Nous quittons Santiago armé du passeport de Maud, précieux sésame qui nous permet enfin de sortir du Chili. La route qui part de la capitale vers les Andes est faite de larges lacets en pente douce le long desquels nous somnolons pendant des heures.
Soudain, la pente se fait plus raide et un col gigantesque se dresse devant nous, c’est le « paso de
la Cumbre
», à plus de 3800 mètres d’altitude, qu’il va falloir franchir pour repasser en Argentine.
L’ascension est incroyable. C’est l’axe le plus emprunté pour croiser les Andes entre le Chili et l’Argentine et nous gravissons la montagne au milieu des innombrables camions qui assurent la liaison entre les deux pays.
Les tournants sont tellement serrés que le cortège de véhicules ressemble à un énorme serpent qui glisse le long des flancs rocailleux.

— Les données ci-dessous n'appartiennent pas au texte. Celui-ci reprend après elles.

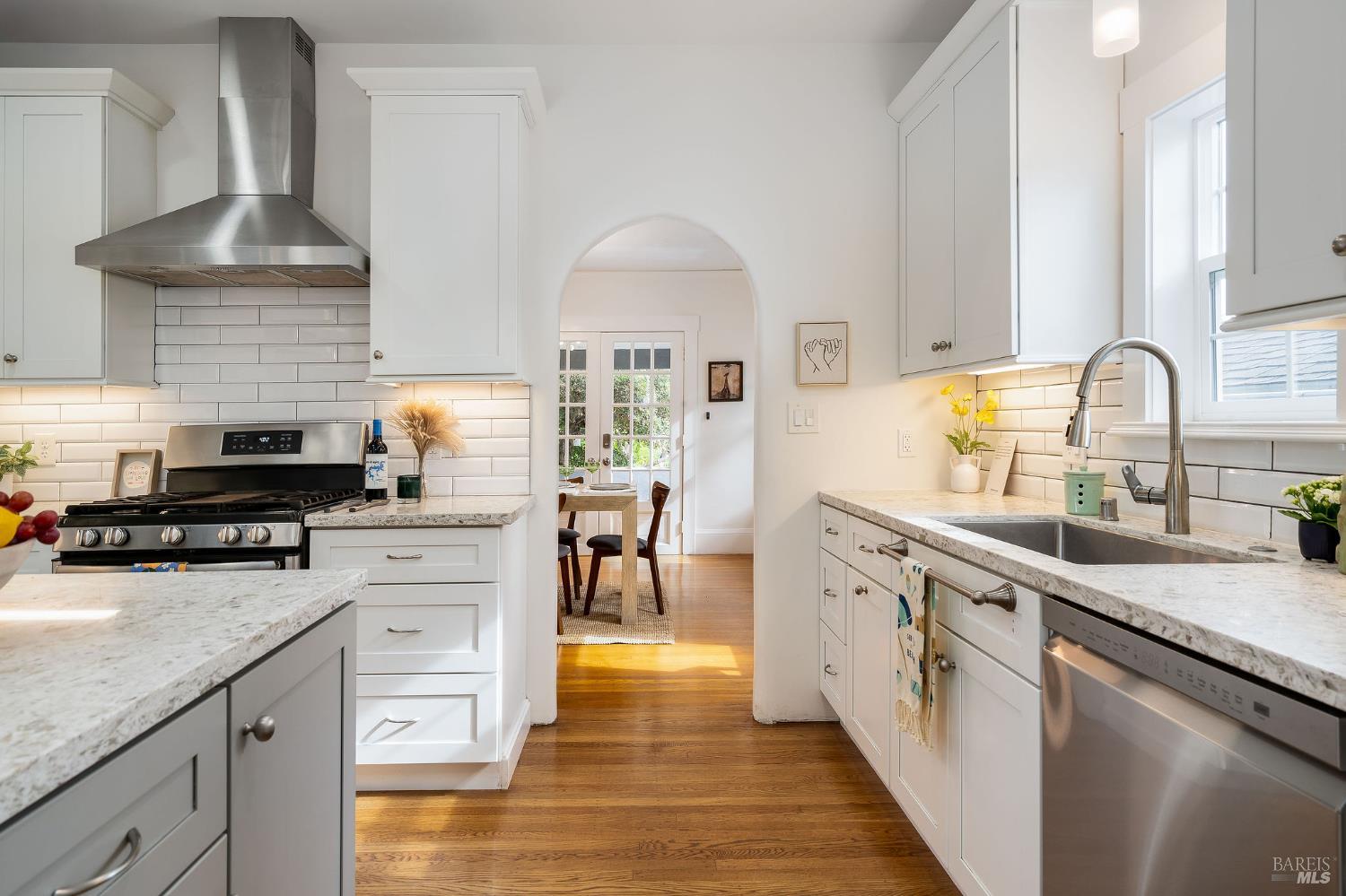 Detail Gallery Image 4 of 52 For 3009 Humboldt Ave, Oakland,  CA 94602 - 5 Beds | 2 Baths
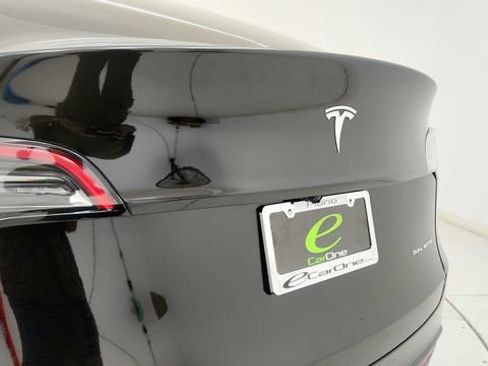 Used 2025 Tesla Model Y Long Range AWD/4WD image 26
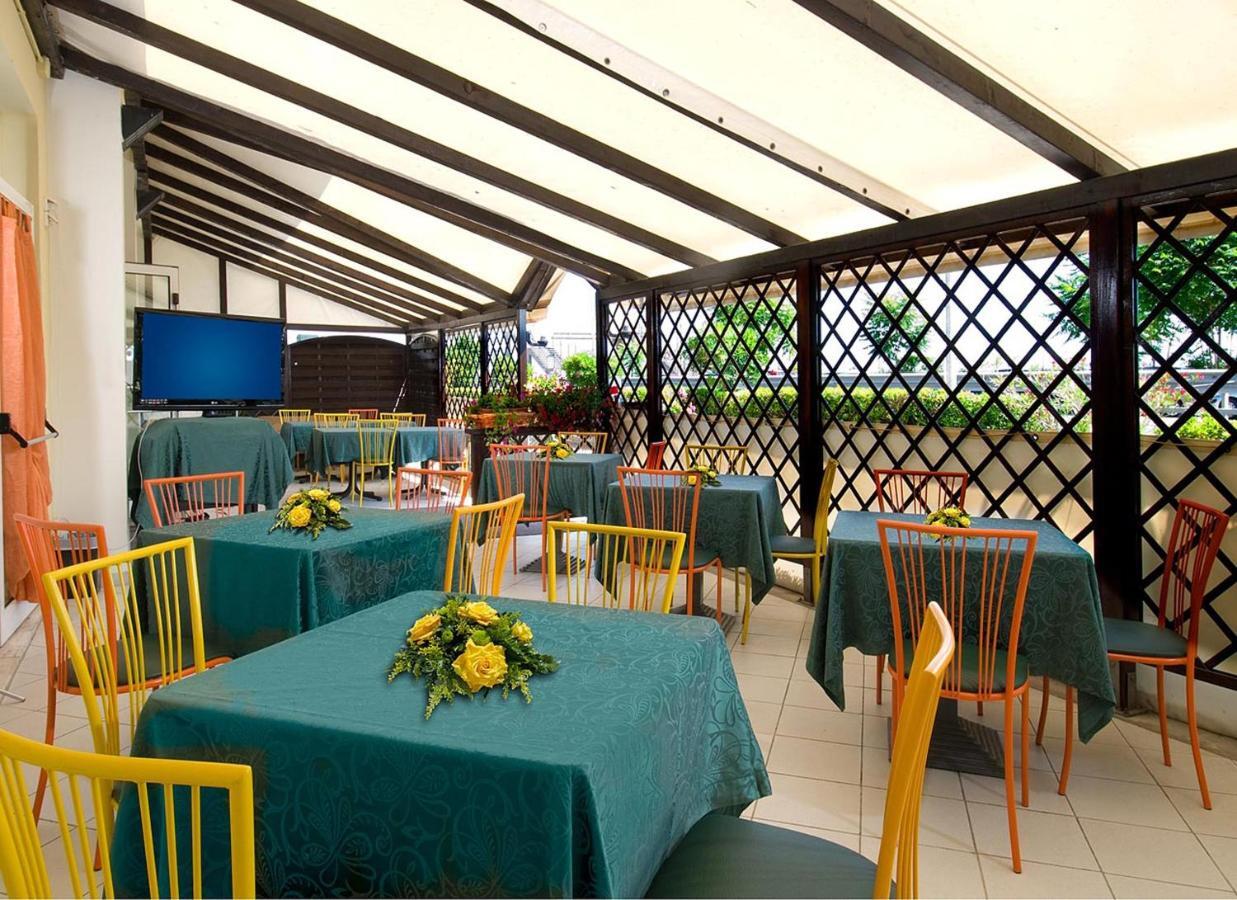 Hotel Ristorante Miramare Pesaro Exterior photo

Après l’ascension, la route nous conduit dans le tunnel lugubre du Cristo Redentor qui nous permet enfin d’arriver en Argentine.
Nous roulons ensuite sur des dizaines de kilomètres sans pour autant croiser de poste frontière. En effet, les douanes argentines et chiliennes sont combinées en territoire chilien et nous passerons donc administrativement la frontière un peu plus en aval. En attendant nous profitons des paysages somptueux de ce no man’s land et nous nous arrêtons dans le parc national du Cerro Aconcagua.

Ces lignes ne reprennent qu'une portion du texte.